Important Amendments to the British Virgin Islands (BVI) Business Companies Act of 2004
The BVI Business Companies Act of 2004 has been amended by the BVI Business Companies (Amendment) Act of 2015. This amendment has come into effect on the 15th January 2016. The key amendments mainly relate to the following highlighted areas:
Register of Directors (ROD):
In the case of a new company, this Register must be filed with the BVI Registrar within 14 days from the appointment of the first company director, as of the 1st April 2016. For existing companies, the Register is to be filed between the 1st April 2016 and the 31st March 2017. An extension to the stipulated deadline may be obtained under valid circumstances.
In addition, changes to the presented ROD must be filed within 21 days of the day of change, while failure to file the ROD within the stipulated time frame without having obtained an extension will result in a $100 penalty as well as $25 fine to be incurred daily for each day of failure to submit the Register.
It is important to know that the filed ROD shall only be made accessible to the respective company and its Registered Agent. Third parties will only be able to access the Register if they obtain the written approval by the company. The only other circumstance in which third parties are able to access the Register is if a Court Order or a written request by another competent authority is obtained.
Records and Underlying Documentation
The relevant company records are to be kept for the period of 5 years, along with sufficient financial documentation clearly showing and explaining the company’s financial position at any given time along the 5 years.
The documentation includes:
- Sums of money received and spent by the company along with all the relevant receipts,
- Purchases and sales of goods by the company,
- Assets and liabilities of the company.
If such records and documentation are kept at a different address than the company’s registered office or agent address, this must be visible on the documentation, along with the name of the person responsible for the maintenance of these records.

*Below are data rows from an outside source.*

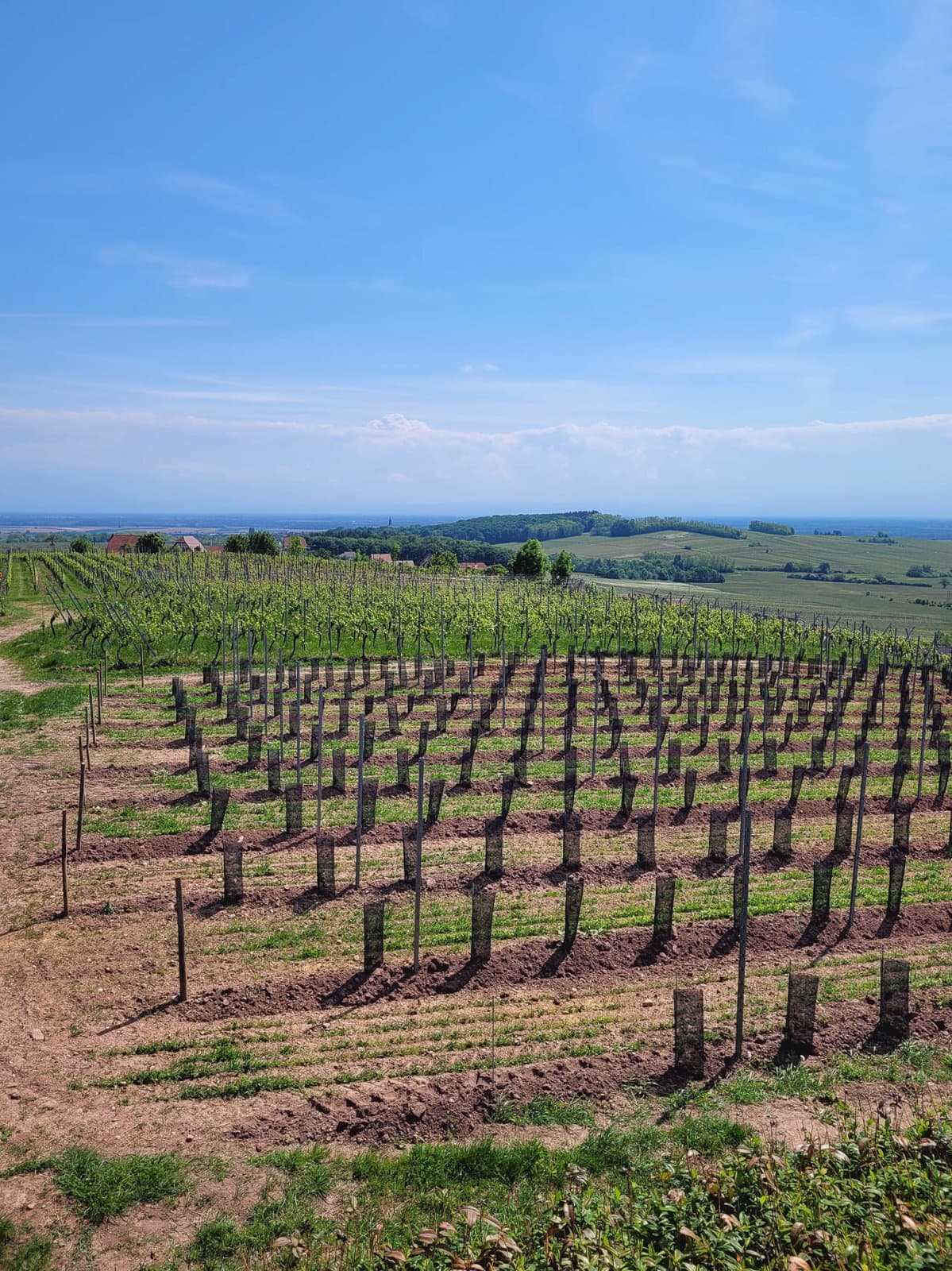 20250508 121500 FR6EZA Els Vandecasteele W1280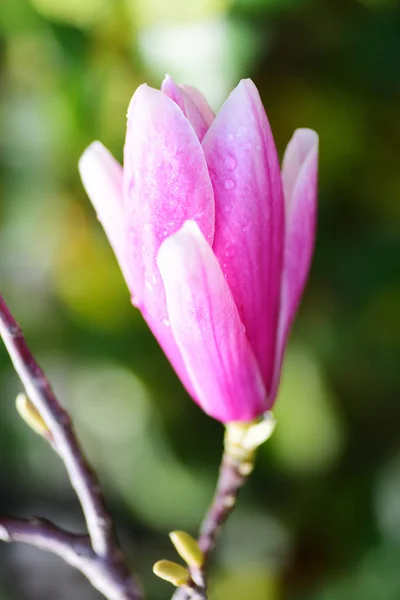 Magnolia fiore primo piano — Foto Stock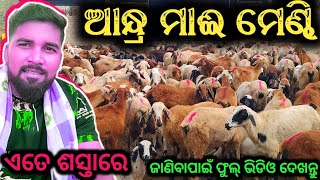 ସବୁଠାରୁ ଶସ୍ତାରେ ଆନ୍ଧ୍ର ମାଈ ମେଣ୍ଢି//Lowest price Andhra breeds sheep 🐏🐏🐏 @Bhaskardipuvlogs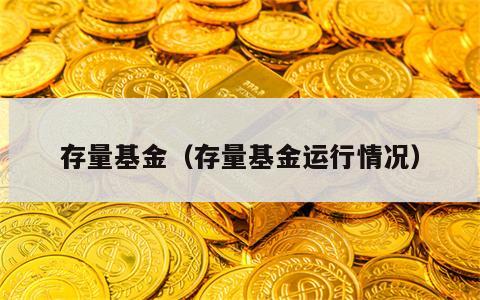 存量基金（存量基金运行情况）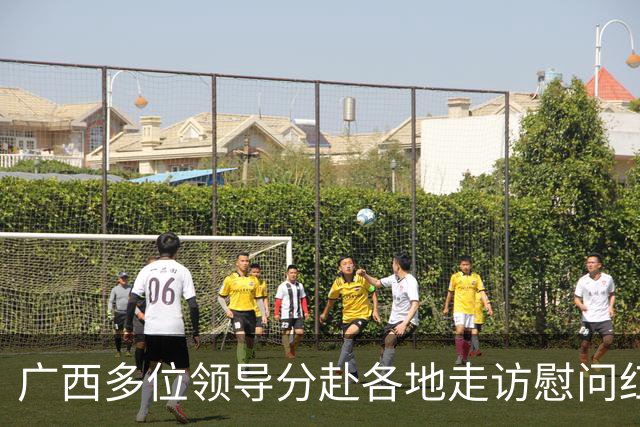 广西多位领导分赴各地走访慰问红军失散人员
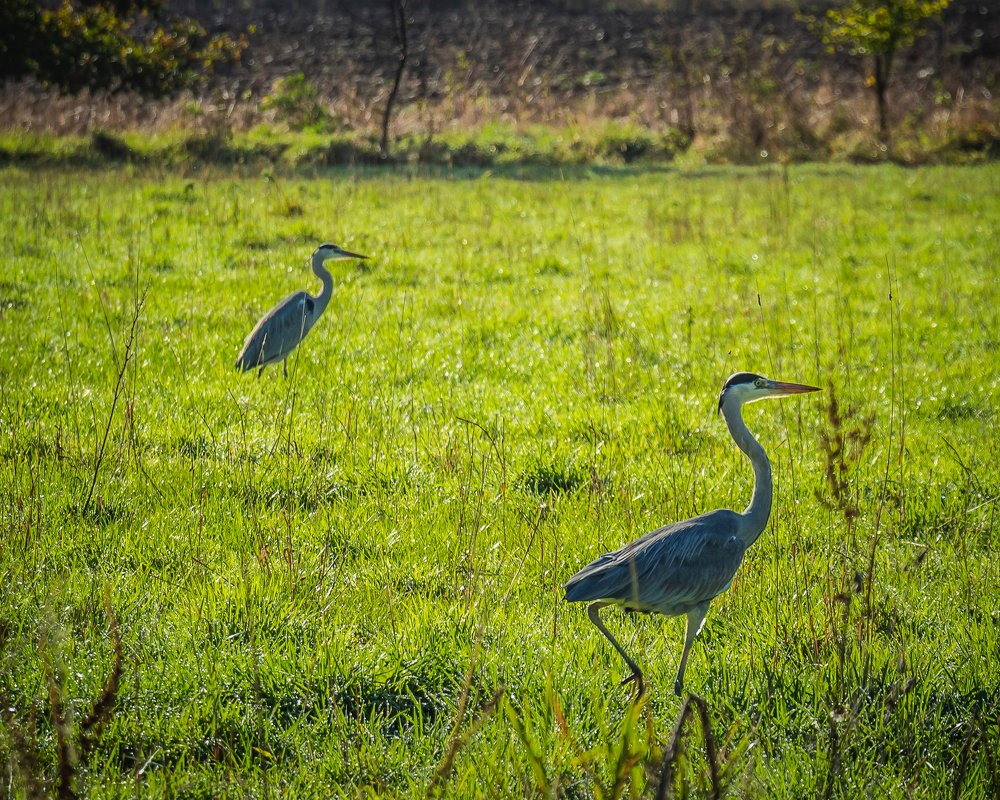 Фотография автора Roger Hamblok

Failure to comply will be penalised with a $50,00 fine that will be incurred by both Registered Agent and the company as opposed to the company only as per previous regulations.
Striking Off a Company
The new time frame within which a struck off company can be restored is 7 years as opposed to 10 years as per the previous rules. After 7 years, a struck off company will officially be deemed as dissolved and can no longer be restored.
Registered Agent Acting Upon Directors’ Resolution
A company’s Registered Agent is able to act according to directors’ instructions upon receiving a copy of the resolution by the directors of the respective company.
Arbitration
A company’s Articles of Association may now provide for specific disputes to be settled through arbitration.
Absence of Company Seal on Documents
The sole fact that a company’s seal may be absent from an instrument or deed does not render the instrument invalid. This includes contracts, deeds, agreements, wills, orders, warrants, letters, as well as any other document demonstrating the intent of making a formal arrangement.
Premium Services at the BVI Registry or Corporate Affairs to be Introduced
As of the 1st December 2015, the FSC established a Premium Services Department within the Registry in order to provide a customised and efficient service pertaining to a select set of transactions, which will attract additional processing fees.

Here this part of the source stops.